### Task prompt
Your answer should be every line of the records that contains the word "page".

──────────

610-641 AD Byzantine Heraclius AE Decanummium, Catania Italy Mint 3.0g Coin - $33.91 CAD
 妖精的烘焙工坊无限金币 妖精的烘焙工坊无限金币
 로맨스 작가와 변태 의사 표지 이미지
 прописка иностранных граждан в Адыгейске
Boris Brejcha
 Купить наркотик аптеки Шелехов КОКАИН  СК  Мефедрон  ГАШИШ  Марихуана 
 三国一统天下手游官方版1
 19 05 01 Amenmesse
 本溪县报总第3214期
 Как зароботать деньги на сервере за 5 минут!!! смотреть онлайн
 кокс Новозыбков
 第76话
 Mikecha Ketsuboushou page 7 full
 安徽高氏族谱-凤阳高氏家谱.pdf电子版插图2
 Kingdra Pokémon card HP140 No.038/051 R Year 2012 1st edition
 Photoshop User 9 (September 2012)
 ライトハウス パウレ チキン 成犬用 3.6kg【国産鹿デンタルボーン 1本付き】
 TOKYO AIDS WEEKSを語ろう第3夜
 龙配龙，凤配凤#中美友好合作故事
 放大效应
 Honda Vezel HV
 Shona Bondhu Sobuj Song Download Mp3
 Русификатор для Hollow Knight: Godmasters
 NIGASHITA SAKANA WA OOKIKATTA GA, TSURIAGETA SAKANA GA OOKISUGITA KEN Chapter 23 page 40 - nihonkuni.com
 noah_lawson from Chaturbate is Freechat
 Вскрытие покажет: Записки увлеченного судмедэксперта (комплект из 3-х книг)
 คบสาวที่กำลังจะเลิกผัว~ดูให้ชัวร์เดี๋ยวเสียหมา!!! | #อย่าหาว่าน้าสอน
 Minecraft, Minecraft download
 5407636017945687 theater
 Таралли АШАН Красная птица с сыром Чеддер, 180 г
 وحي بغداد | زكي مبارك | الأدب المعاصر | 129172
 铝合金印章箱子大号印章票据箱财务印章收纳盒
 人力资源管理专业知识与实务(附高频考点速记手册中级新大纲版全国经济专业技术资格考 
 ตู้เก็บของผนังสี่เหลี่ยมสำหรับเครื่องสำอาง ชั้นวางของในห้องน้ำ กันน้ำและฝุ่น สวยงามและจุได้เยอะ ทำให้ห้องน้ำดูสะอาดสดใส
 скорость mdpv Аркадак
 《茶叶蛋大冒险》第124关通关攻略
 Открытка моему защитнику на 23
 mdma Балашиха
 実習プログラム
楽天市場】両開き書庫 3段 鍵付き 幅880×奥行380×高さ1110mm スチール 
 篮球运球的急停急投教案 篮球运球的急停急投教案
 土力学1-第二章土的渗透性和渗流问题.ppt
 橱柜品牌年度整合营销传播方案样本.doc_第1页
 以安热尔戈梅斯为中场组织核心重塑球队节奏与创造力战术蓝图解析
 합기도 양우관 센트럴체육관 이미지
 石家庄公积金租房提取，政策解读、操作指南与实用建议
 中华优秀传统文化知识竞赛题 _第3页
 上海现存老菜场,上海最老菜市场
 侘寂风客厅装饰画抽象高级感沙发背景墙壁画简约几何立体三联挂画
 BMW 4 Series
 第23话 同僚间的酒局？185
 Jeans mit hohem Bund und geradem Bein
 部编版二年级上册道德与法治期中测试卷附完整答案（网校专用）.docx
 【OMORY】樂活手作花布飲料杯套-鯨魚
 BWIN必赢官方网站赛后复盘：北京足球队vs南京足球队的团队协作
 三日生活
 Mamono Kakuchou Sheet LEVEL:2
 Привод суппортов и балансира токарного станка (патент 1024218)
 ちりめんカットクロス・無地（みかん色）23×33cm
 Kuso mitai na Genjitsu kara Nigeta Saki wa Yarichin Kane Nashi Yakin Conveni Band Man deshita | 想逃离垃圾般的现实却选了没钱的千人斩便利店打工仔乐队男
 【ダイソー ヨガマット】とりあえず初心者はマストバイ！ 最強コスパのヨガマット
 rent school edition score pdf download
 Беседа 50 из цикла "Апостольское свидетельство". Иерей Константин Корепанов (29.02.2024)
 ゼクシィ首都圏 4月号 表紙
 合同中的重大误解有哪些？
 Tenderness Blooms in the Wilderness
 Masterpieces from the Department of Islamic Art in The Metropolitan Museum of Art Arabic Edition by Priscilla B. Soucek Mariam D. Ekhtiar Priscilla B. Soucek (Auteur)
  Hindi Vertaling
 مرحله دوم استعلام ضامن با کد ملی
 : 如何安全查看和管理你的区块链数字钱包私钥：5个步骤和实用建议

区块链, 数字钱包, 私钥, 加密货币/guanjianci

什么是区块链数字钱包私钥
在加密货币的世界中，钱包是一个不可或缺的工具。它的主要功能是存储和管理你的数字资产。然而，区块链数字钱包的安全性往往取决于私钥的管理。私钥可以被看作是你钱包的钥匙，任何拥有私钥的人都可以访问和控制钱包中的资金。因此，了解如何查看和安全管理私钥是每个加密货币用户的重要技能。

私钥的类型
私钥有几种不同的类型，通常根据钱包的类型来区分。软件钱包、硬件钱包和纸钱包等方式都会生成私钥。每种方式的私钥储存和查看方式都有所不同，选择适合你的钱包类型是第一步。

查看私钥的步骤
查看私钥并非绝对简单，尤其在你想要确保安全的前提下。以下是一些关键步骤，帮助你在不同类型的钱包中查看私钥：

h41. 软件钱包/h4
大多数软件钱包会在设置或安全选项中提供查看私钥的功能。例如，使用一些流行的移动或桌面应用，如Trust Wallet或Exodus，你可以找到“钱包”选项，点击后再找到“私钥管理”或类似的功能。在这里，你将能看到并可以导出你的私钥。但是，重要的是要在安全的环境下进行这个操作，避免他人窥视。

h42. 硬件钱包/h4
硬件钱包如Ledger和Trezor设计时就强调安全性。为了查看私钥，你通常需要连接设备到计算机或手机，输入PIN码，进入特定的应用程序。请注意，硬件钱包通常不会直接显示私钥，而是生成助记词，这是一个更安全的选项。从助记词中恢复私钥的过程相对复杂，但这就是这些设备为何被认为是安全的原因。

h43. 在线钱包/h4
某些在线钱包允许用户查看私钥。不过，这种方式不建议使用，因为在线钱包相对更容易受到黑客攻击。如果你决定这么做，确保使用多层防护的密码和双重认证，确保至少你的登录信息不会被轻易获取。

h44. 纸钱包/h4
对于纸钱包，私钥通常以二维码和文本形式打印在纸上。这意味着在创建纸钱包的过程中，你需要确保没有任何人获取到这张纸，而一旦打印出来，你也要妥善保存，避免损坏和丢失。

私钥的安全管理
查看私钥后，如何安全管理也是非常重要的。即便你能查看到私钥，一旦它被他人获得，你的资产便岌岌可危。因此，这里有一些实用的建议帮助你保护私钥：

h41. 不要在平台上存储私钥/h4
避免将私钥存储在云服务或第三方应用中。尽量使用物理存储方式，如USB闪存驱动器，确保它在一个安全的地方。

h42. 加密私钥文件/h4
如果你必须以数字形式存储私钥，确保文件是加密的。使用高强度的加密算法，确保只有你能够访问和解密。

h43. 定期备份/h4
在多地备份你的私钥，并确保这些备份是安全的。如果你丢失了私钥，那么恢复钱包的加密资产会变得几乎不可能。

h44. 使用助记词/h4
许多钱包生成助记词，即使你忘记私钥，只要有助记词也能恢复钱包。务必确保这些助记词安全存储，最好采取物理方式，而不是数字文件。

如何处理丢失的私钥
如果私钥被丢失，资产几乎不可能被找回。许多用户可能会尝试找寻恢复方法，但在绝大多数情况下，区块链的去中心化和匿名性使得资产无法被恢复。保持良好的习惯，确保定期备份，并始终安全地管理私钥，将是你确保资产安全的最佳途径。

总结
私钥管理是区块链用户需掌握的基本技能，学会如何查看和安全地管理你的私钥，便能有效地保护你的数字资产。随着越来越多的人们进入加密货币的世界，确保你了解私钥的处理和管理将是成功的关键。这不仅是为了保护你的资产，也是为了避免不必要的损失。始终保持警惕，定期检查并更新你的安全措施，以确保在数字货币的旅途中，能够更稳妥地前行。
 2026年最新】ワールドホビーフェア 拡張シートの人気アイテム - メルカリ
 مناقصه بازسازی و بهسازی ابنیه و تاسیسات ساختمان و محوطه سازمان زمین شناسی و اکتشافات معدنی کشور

──────────

### Answer space
 Mikecha Ketsuboushou page 7 full
 NIGASHITA SAKANA WA OOKIKATTA GA, TSURIAGETA SAKANA GA OOKISUGITA KEN Chapter 23 page 40 - nihonkuni.com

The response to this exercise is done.